Many look to it as an exemplar, with numerous models to follow.
Its economic competitiveness is due to the capacity of its companies to conquer external markets and then to keep their place there.
German exports have doubled in the space of ten years, to a value of well over one trillion euros.
A persistent first place exports rival with the United States, the Germans have seen China move ahead of them. They want others to keep buying their products.
Among the industrial sectors in which high quality exports from Germany have circled the globe, some of the most notable are the automotive, engineering, electro-mechanical and renewable energy sectors. Resilience in hard economic times has been attributed to unions’ dialogue with business and companies’ far-reaching investment in research and development.
German labour costs are among the lowest in the euro zone, and have been limited for ten years.
While unemployment rose in other countries, it has fallen in Germany, from 12 percent in 2005 to less than seven percent in 2012.
It was the result of concerted policies to get people back into work, to reduce state spending. Part of Germany’s “job miracle” is its lack of a uniform statutory minimum wage. The low wage sector grew three times as fast as other employment in the five years to 2010.

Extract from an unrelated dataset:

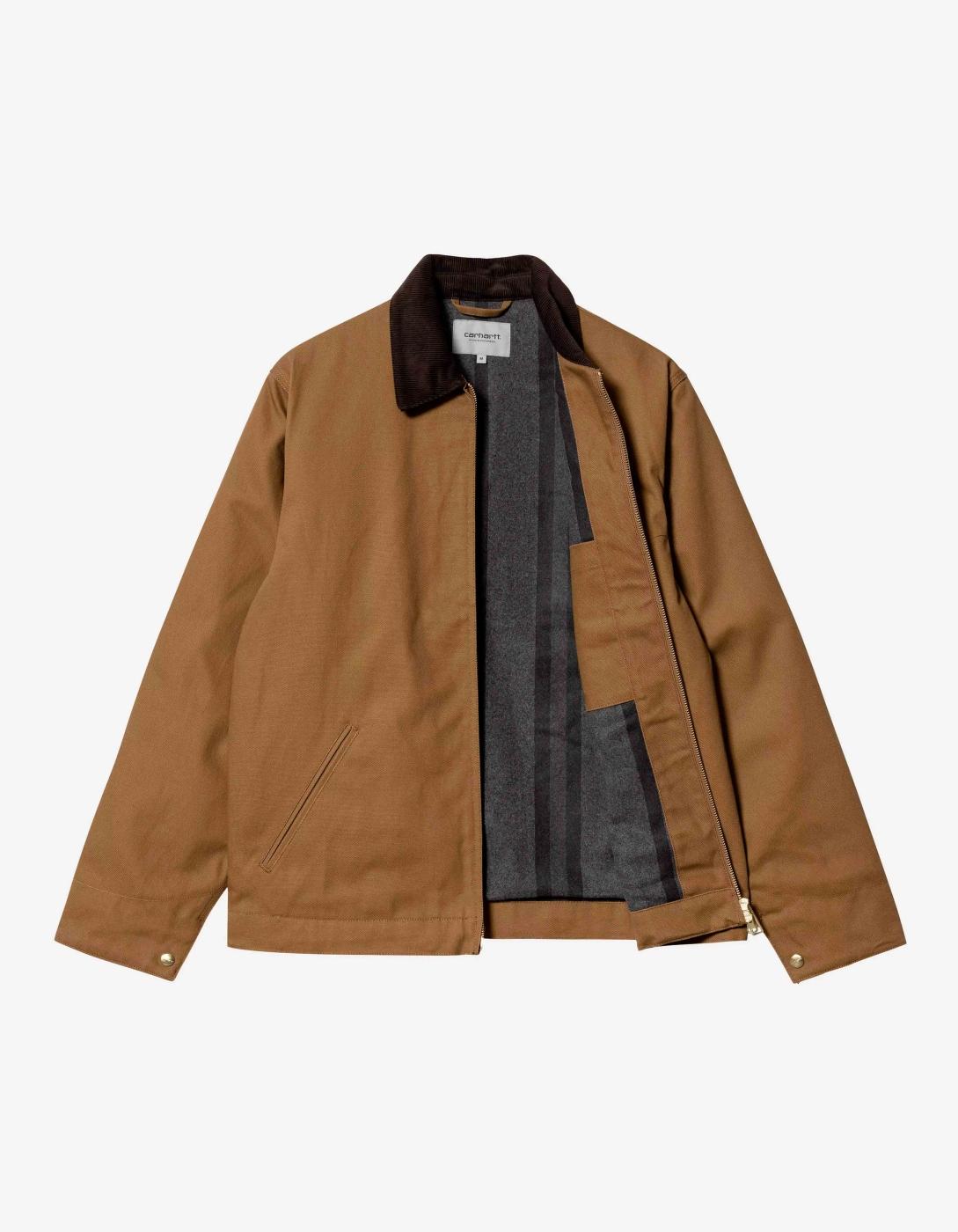 Cazadora CARHARTT WIP DETROIT - Hamilton Brown / Tobacco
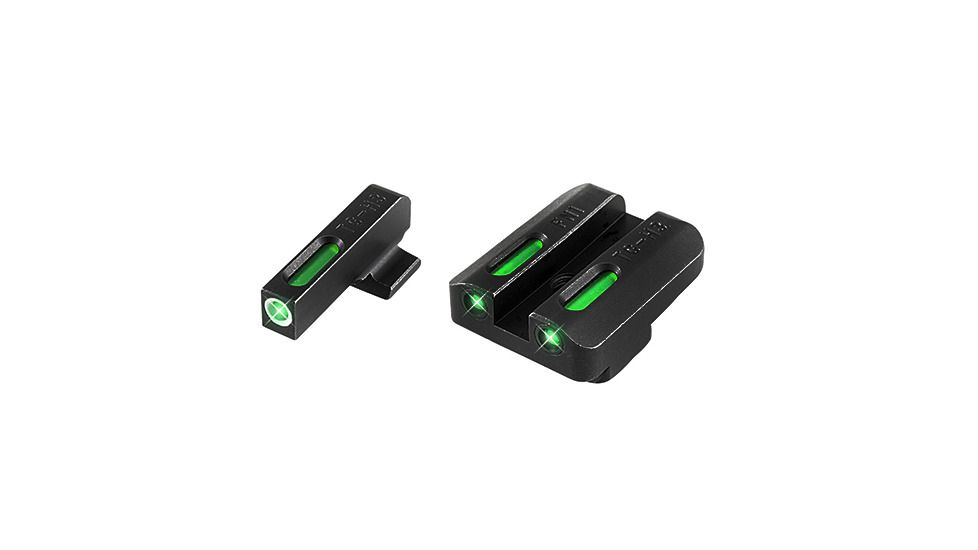 TruGlo Brite-Site TFX Tritium Night Sight for Walther P99, PPQ, Black, TG-TG13WA1A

A fifth of workers earn less than ten euros per hour in Germany.
Pay can go well below one euro an hour. The average has dropped by more than four percent in ten years, explaining why Germans have not been spending much more than in the past.
The model’s biggest weakness is its ageing population. This has retracted by half a percent in a decade. The birth rate is 1.4 babies per woman of child-bearing age. One in five Germans is over age 65. By 2060 it could be one in three.
This is starting to affect the labour market. Although a lot of seniors continue to work, in spite of pension reforms that came in this year Germany needs to prepare for a loss of five million workers in the next 15 years. Germany wants more manpower.